Captioned web images
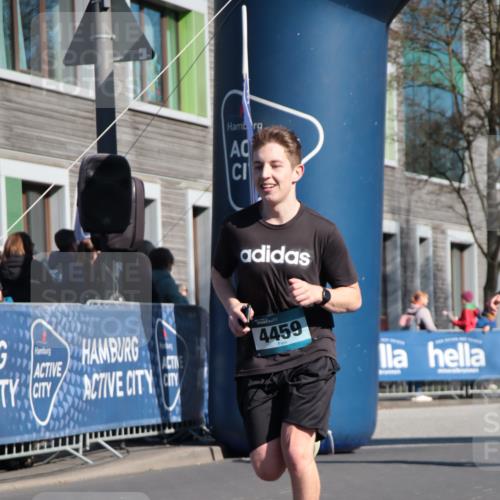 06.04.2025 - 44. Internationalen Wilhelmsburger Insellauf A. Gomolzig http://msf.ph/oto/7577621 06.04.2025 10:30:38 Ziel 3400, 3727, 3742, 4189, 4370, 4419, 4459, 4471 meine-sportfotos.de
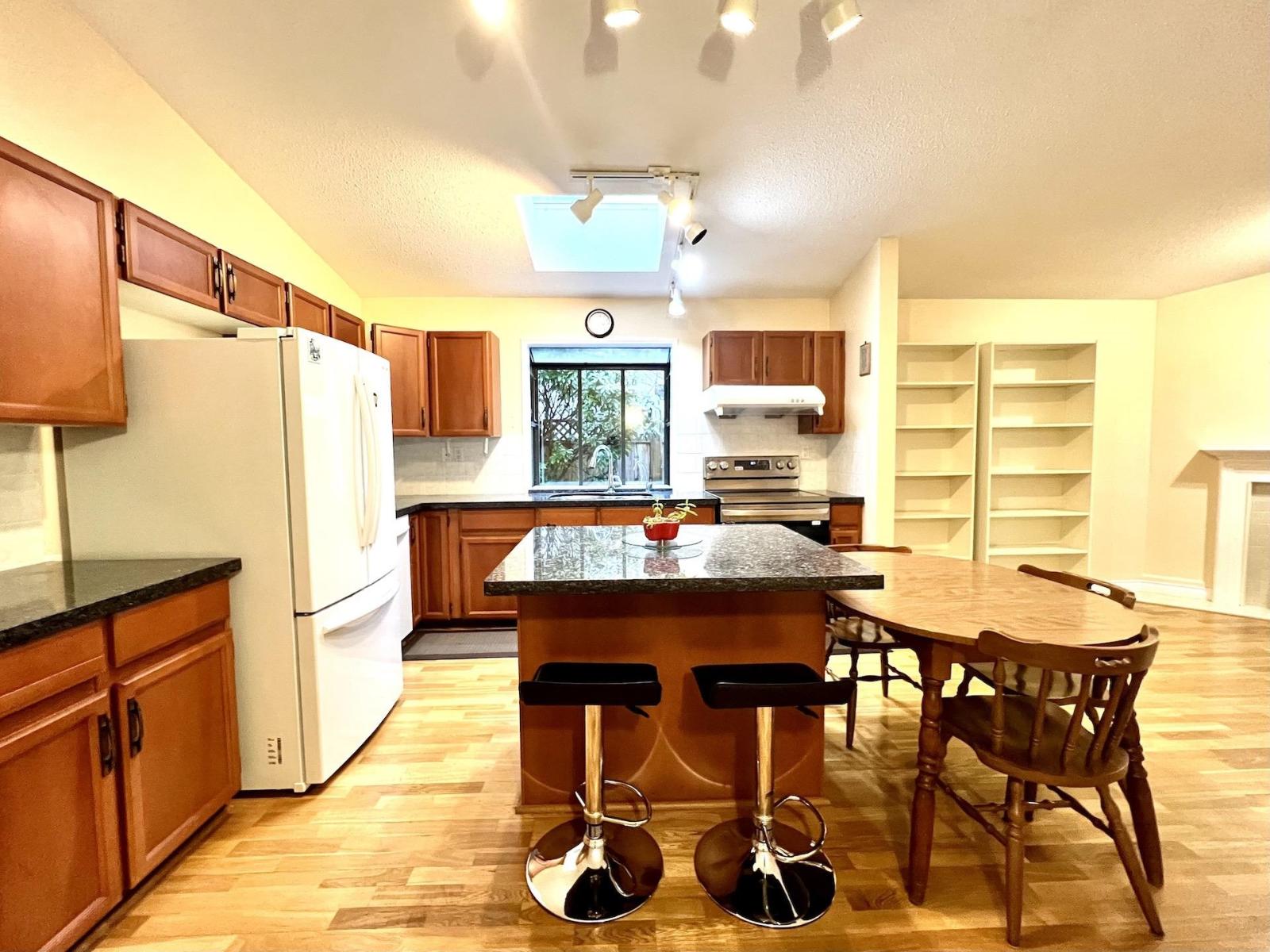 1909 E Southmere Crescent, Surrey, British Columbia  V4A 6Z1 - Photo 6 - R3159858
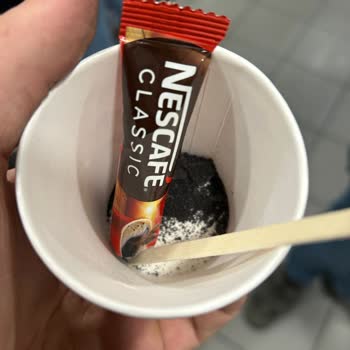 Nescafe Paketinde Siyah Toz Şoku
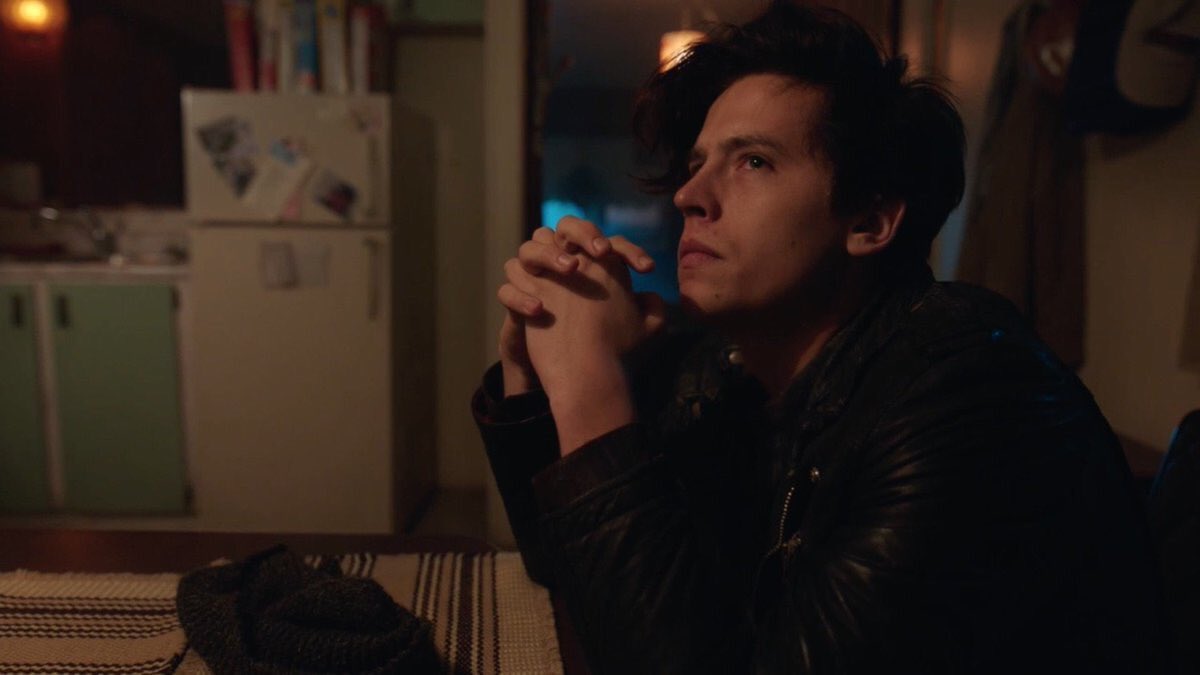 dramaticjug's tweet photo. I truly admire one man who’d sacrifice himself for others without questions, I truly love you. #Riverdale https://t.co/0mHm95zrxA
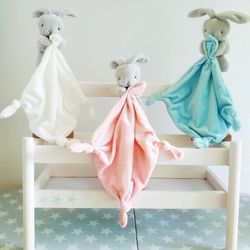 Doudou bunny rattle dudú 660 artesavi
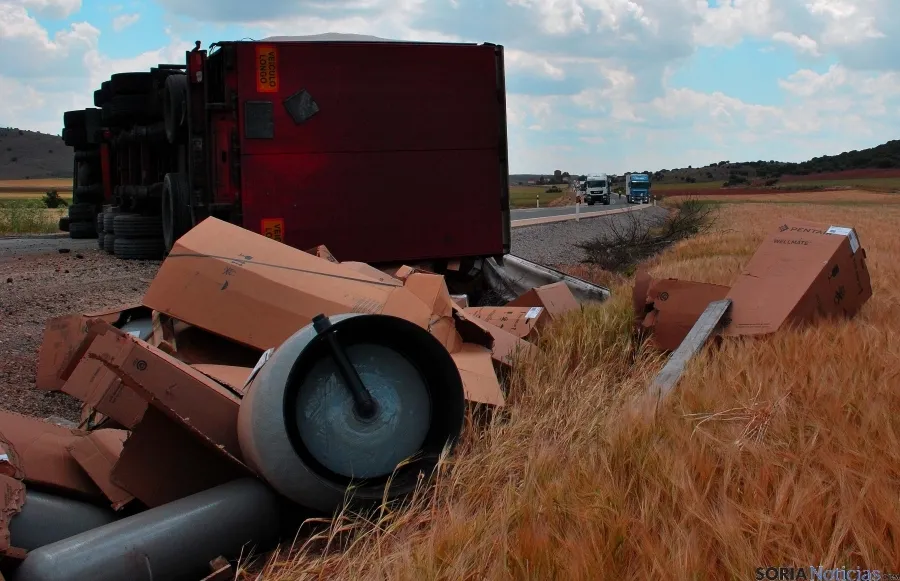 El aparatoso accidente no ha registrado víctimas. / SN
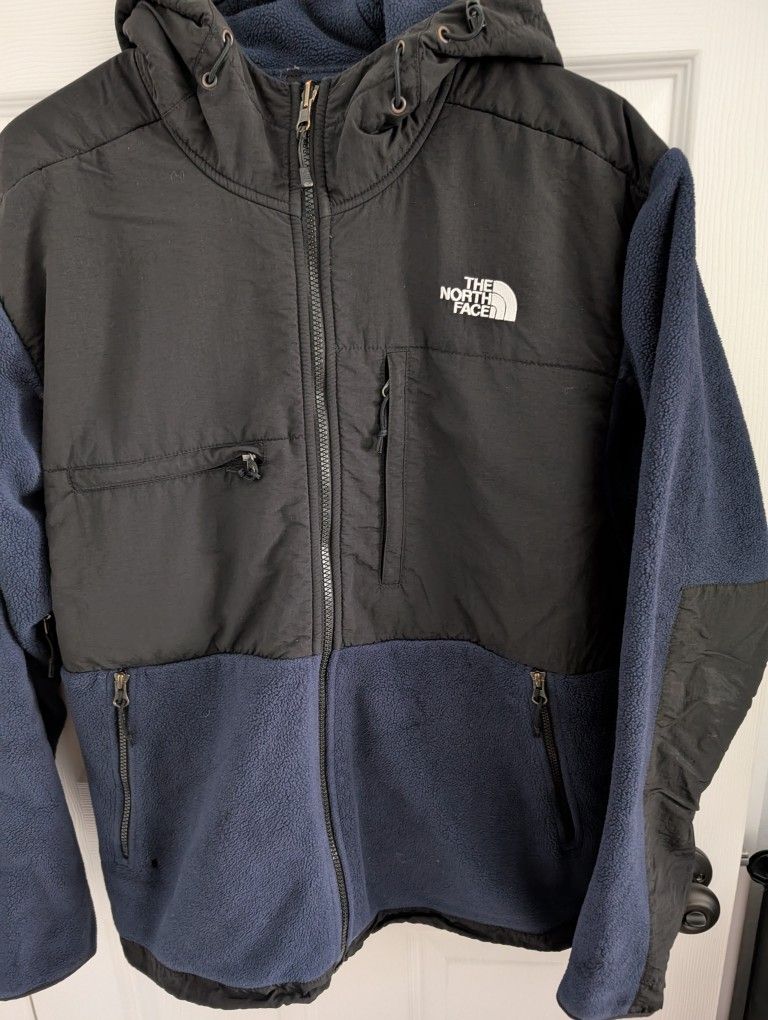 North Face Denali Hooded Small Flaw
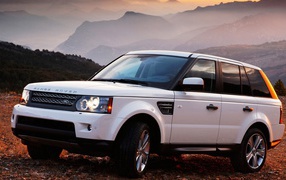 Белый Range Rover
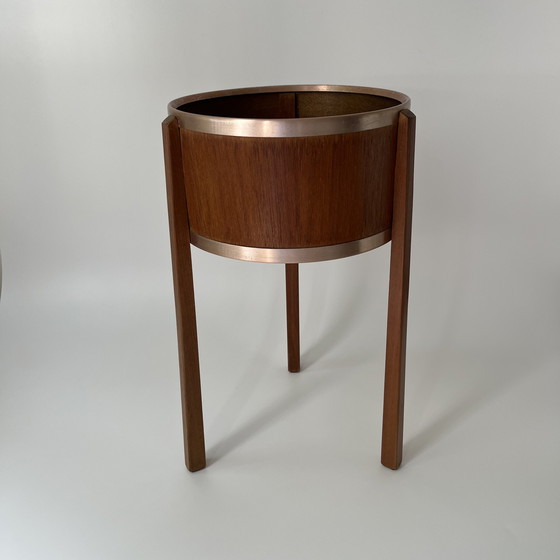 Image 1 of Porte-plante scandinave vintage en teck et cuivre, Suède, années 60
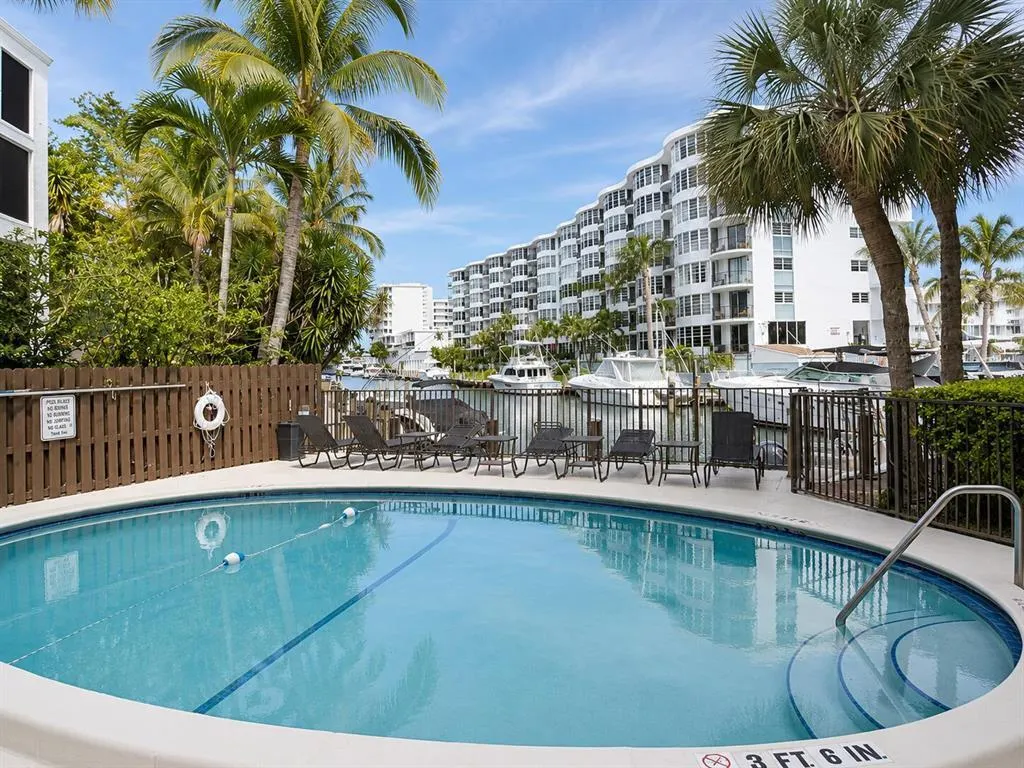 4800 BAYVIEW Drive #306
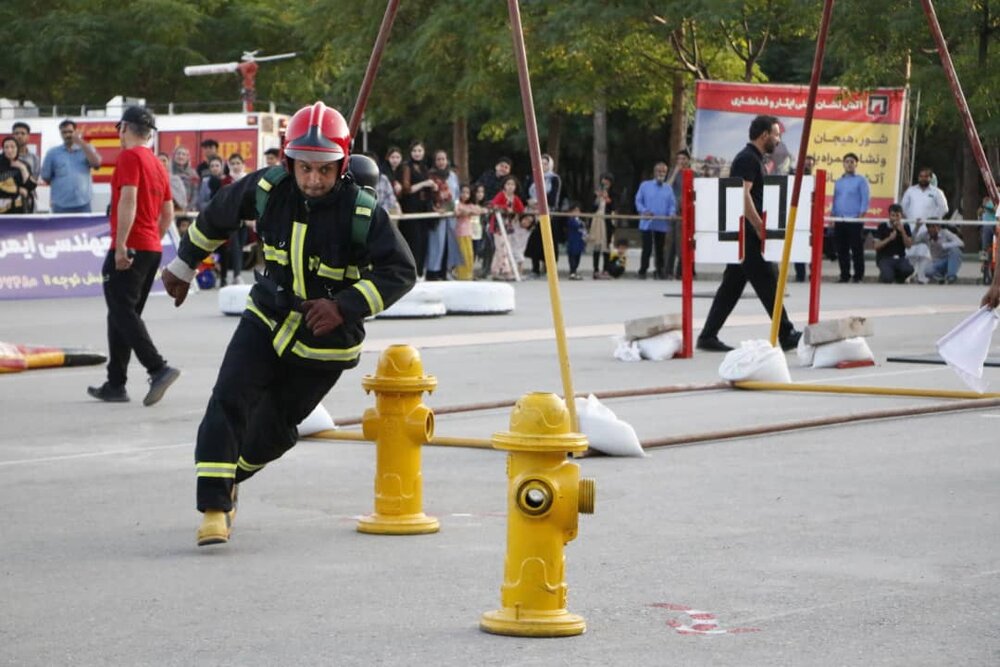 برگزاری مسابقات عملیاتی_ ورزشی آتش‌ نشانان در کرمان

## Requirement
Set down exactly the lines from the start of the records through the line containing "Nescafe Paketinde Siyah Toz Şoku", both included, and omit the pictures.

## Your response
 06.04.2025 - 44. Internationalen Wilhelmsburger Insellauf A. Gomolzig http://msf.ph/oto/7577621 06.04.2025 10:30:38 Ziel 3400, 3727, 3742, 4189, 4370, 4419, 4459, 4471 meine-sportfotos.de
 1909 E Southmere Crescent, Surrey, British Columbia  V4A 6Z1 - Photo 6 - R3159858
 Nescafe Paketinde Siyah Toz Şoku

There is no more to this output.